#### WHAT THE TASK REQUIRES:
After locating the line that holds "Quinta De San", repeat it and each following line exactly until the material ends, skipping pictures.

*** Opening of DATASET ENTRIES ***

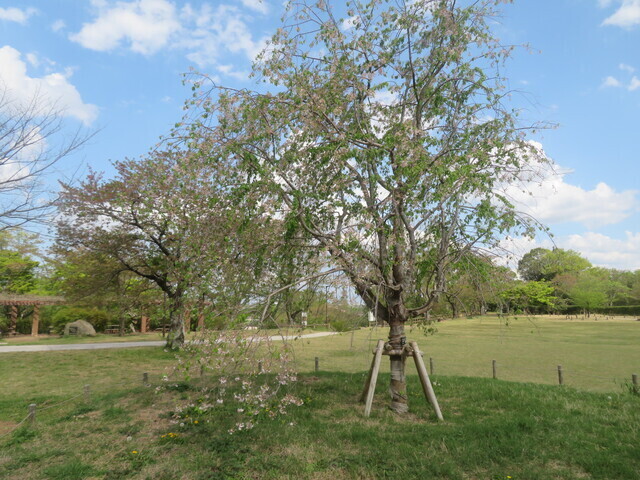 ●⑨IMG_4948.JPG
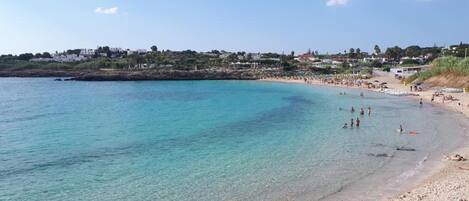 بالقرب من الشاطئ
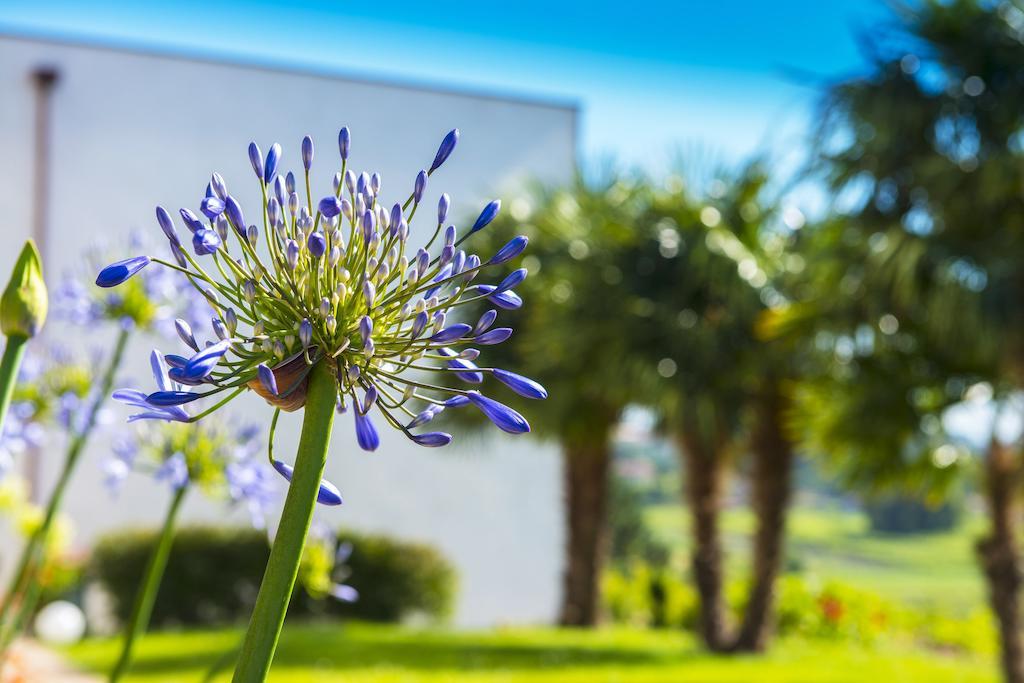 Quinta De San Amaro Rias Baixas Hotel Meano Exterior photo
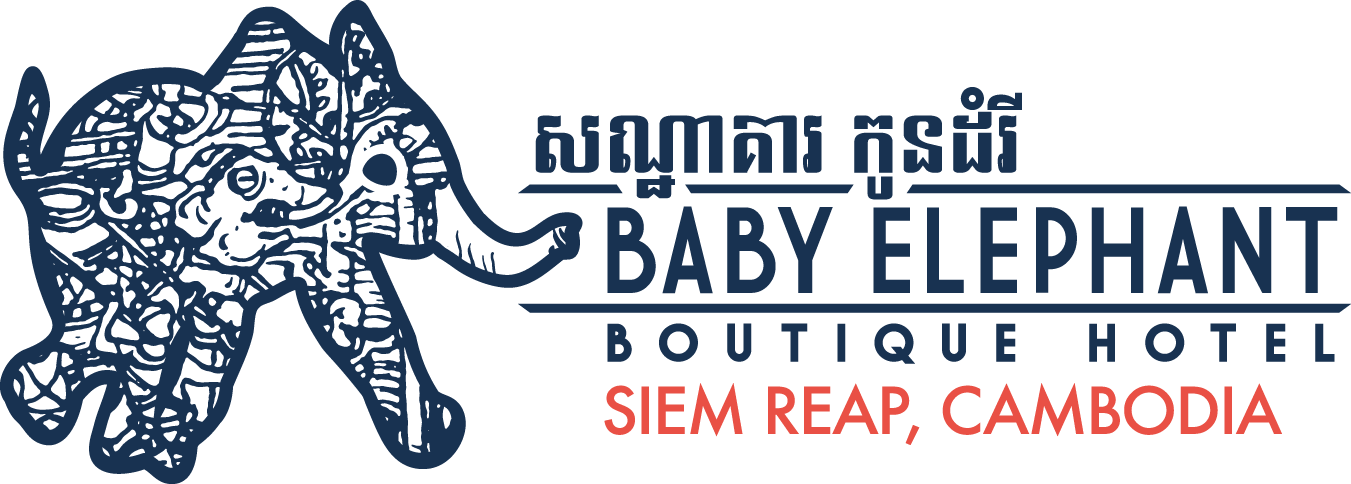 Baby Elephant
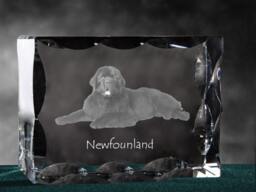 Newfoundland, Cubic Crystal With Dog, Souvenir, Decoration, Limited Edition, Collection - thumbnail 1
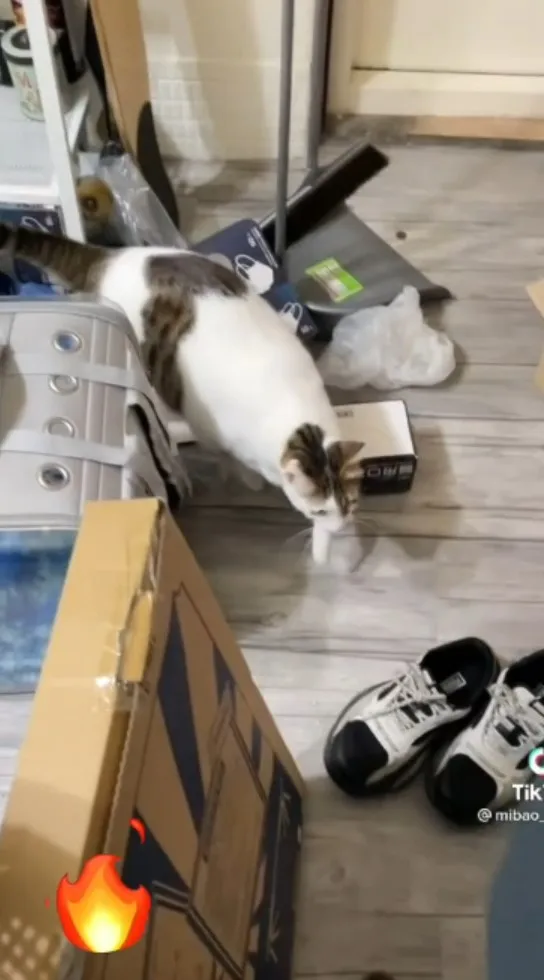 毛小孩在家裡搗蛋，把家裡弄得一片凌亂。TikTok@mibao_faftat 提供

*** Close of DATASET ENTRIES ***

#### YOUR RESPONSE:
 Quinta De San Amaro Rias Baixas Hotel Meano Exterior photo
 Baby Elephant
 Newfoundland, Cubic Crystal With Dog, Souvenir, Decoration, Limited Edition, Collection - thumbnail 1
 毛小孩在家裡搗蛋，把家裡弄得一片凌亂。TikTok@mibao_faftat 提供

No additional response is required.